Et de deux ! L’indice d’inflation aux États-Unis est ressorti supérieur aux attentes en septembre (8,2 % en glissement annuel contre 8,1 %), pour le second mois consécutif. Certes le pic de 9,1 % enregistré en juin est passé, mais ce reflux est trop lent pour infléchir le durcissement monétaire de la Fed. Celleci devrait donc relever ses taux directeurs de 0,75 % le 2 novembre, lors de la prochaine réunion de ses gouverneurs dite « FOMC ». Désormais, on ne se fait plus d’illusion, car les anticipations du taux maximal en fin de cycle de ce resserrement approchent les 5 % pour mi-2023. Le marché a encore une fois mal réagi après l’annonce, lors de la séance du 13 octobre. Mais ce chiffre fétiche pour les superstitieux a porté malheur aux vendeurs, puisque la forte baisse des indices, enregistrée dans l’heure qui suit la publication de la statistique, a été entièrement effacée. L’indice Nasdaq 100 a été une fois encore le plus « chahuté », puisqu’il clôture en hausse de 1,35 %, après avoir cédé momentanément jusqu’à 3,20 %. Les cardiaques doivent s’abstenir !
Au-delà de cette agitation quotidienne et permanente, prenons de la hauteur. Le scénario de fond n’a pas bougé : hausse des taux longs et ralentissement économique, voire récession. Les gérants l’ont déjà intégré dans leurs portefeuilles, avec des pondérations actions au minimum et des durations obligataires extrêmement réduites. L’annonce d’une inflation de base de 0,6 % sur un mois et de 6,6 % sur un an glissant est évidemment préoccupante. Celle-ci devrait toutefois ralentir au fil des mois. De surcroît, des considérations techniques sont à prendre en compte. Les positions sur les dérivés sont importantes, car le taux de couverture est élevé et les stratégies de volatilité sont très populaires. Des fortes variations d’indices à l’ouverture permettent à leurs détenteurs de déboucler leurs positions facilement avec des profits substantiels. En revanche, les contreparties (en gamma négatif) sont contraintes de se couvrir en achetant le sous-jacent.
L’autre facteur de cette résistance des marchés actions est que nous sommes à l’aube d’une nouvelle saison de résultats trimestriels. En Europe, la dépréciation de l’euro est un facteur de soutien pour nos champions internationaux.

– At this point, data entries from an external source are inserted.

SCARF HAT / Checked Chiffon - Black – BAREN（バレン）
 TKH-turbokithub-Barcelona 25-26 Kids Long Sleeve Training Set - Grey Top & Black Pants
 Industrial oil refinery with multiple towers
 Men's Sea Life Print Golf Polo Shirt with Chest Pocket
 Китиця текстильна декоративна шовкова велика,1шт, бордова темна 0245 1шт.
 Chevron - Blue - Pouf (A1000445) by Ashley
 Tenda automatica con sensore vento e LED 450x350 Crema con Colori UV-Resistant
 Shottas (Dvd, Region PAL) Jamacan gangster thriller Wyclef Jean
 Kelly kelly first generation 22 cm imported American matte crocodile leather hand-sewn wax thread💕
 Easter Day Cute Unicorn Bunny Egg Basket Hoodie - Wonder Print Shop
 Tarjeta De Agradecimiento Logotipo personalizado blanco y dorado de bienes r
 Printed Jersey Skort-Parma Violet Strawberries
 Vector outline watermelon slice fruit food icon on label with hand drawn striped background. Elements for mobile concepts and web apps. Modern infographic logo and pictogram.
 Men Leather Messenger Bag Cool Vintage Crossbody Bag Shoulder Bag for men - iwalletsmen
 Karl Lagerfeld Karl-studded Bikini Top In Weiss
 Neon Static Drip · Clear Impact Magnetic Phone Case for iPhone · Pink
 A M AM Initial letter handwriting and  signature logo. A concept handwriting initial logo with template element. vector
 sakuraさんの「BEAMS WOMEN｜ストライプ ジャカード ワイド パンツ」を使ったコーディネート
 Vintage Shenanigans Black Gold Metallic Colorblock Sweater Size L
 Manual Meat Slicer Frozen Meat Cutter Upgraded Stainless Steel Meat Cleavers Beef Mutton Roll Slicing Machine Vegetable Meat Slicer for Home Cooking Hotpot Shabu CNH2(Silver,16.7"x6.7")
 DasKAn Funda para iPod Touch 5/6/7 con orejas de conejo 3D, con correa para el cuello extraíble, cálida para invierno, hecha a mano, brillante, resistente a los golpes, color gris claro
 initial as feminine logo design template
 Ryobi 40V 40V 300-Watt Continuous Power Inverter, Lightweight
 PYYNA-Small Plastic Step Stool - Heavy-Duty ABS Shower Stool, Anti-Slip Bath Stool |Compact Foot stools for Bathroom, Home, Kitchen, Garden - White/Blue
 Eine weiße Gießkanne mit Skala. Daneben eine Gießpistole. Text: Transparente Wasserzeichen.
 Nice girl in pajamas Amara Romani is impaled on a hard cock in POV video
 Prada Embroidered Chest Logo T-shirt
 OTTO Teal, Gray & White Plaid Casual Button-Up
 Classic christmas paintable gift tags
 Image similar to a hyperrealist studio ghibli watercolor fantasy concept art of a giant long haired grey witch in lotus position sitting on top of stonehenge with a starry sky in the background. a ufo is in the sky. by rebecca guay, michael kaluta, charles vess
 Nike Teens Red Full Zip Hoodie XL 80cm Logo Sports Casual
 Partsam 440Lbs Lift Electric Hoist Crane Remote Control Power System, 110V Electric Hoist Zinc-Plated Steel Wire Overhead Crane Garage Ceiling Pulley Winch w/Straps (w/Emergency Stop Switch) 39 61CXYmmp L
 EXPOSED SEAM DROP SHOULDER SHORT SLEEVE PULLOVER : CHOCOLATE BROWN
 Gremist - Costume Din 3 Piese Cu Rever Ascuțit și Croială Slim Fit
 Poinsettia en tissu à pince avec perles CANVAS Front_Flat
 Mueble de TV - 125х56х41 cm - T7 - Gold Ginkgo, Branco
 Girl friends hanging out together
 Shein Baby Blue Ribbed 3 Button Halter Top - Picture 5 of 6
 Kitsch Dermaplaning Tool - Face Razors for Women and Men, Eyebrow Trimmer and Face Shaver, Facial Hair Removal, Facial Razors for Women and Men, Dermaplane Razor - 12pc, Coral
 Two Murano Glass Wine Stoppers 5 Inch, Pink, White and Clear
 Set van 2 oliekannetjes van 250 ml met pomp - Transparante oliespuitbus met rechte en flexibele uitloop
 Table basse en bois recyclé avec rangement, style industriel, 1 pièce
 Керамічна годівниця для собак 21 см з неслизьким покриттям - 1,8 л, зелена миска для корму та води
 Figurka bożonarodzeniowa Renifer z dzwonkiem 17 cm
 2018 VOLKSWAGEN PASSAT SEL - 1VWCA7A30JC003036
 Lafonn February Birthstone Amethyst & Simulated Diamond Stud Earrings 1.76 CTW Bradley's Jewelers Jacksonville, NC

Une fois de plus, LVMH a été à l’honneur, avec une croissance organique de 20 % et des revenus en hausse de 28 % sur les 9 premiers mois de 2022. La forte présence internationale du groupe permet de capter la demande là où elle se trouve. L’Asie redémarre à +6 % contre -8 % le trimestre précédent. Les Américains s’étant massivement déplacés en Europe, le Vieux Continent affiche une progression honorable de 36 %, bien supérieure à celle des États-Unis qui ralentit à +11 %. Nous allons donc vivre ces deux prochaines semaines au rythme de la microéconomie, plutôt que celui de la macroéconomie, qui a plombé les performances cette année. Les banques centrales prendront de nouveau le relais à partir du 27 octobre avec la BCE. Cette trêve automnale peut être bénéfique aux marchés, à conditions que les publications soient à la hauteur. Nous serons assez vite fixés, avec quatre banques américaines (JP Morgan, Citigroup, Wells Fargo et Morgan Stanley) et le poids lourd de la santé UnitedHealth Group, qui publient aujourd’hui, soit l’équivalent de plus de 13,5 % de l’indice Dow Jones. On l’a donc compris, l’ambiance est loin de celle d’un long fleuve tranquille. On se met à rêver avec le poème « l’Invitation au voyage » de Charles Baudelaire et de son fameux « luxe, calme et volupté ». En ce moment, on se contente du luxe et de la volatilité dans les portefeuilles.